## Task
Please repeat the whole listing exactly, but leave the pictures out.

## Data
============================================================

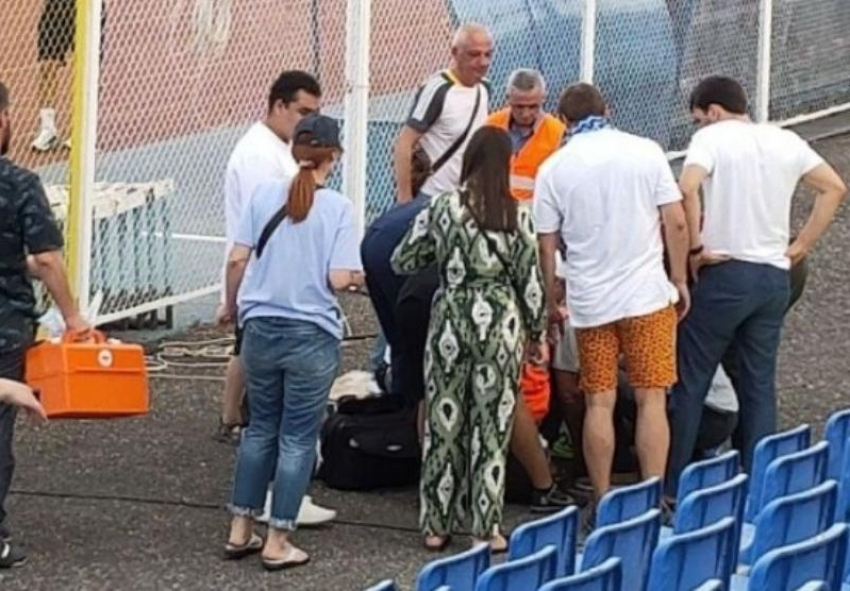 Астраханский стюард потерял сознание на матче «Волгаря» с «Енисеем»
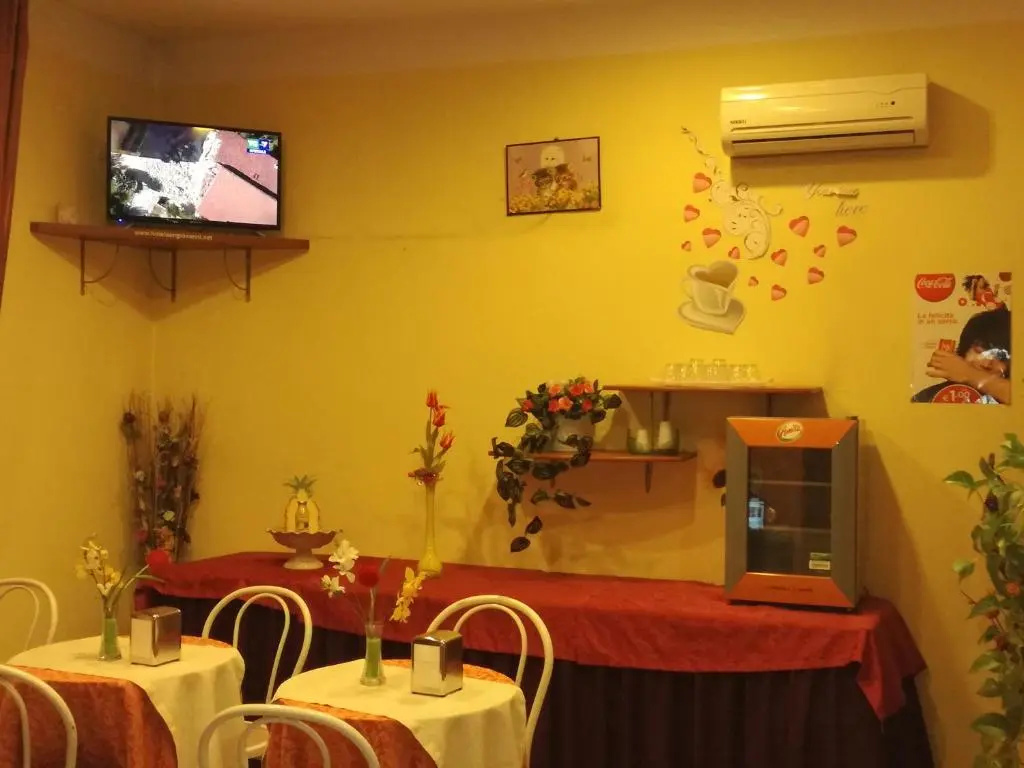 Food & Beverage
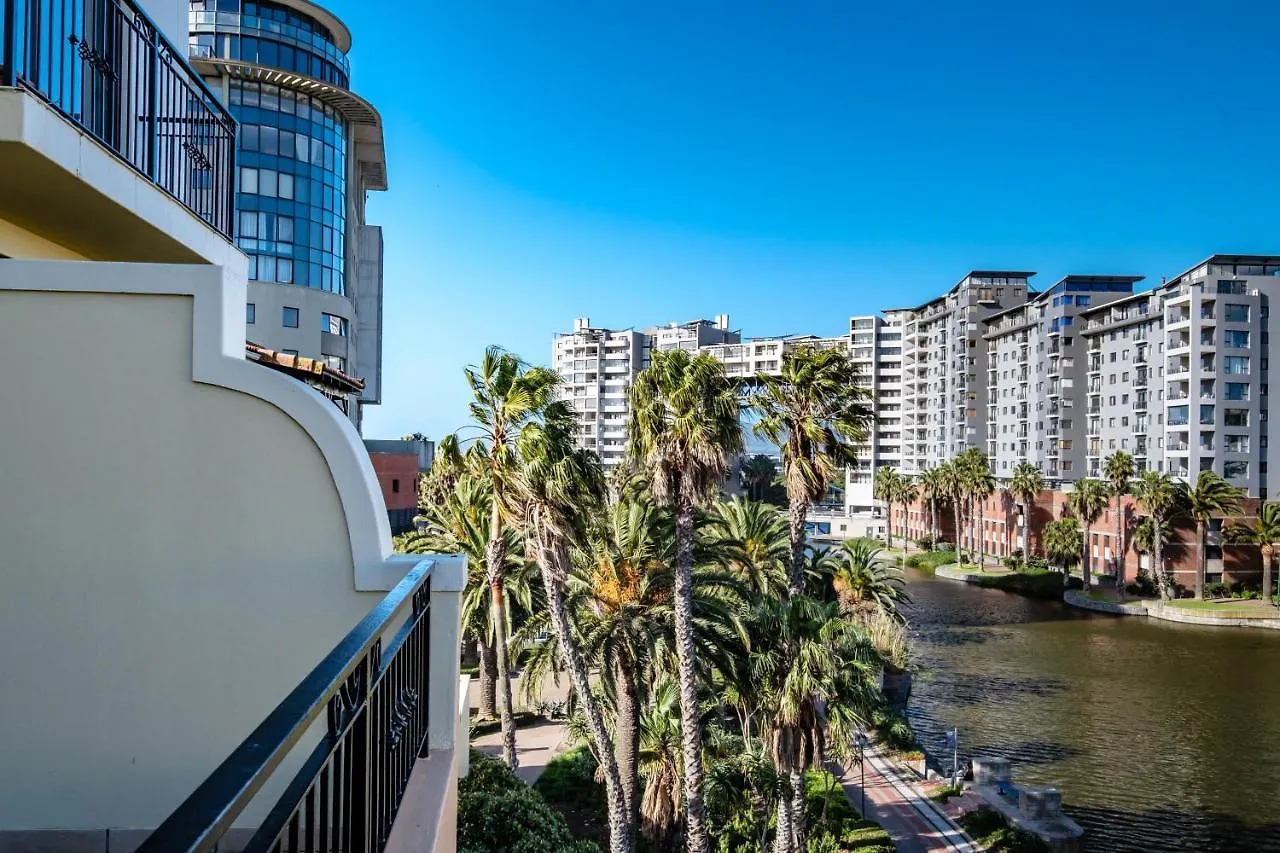 Apartment Belina - Island Club Canal View Cape Town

============================================================

## Reply to the task
 Астраханский стюард потерял сознание на матче «Волгаря» с «Енисеем»
 Food & Beverage
 Apartment Belina - Island Club Canal View Cape Town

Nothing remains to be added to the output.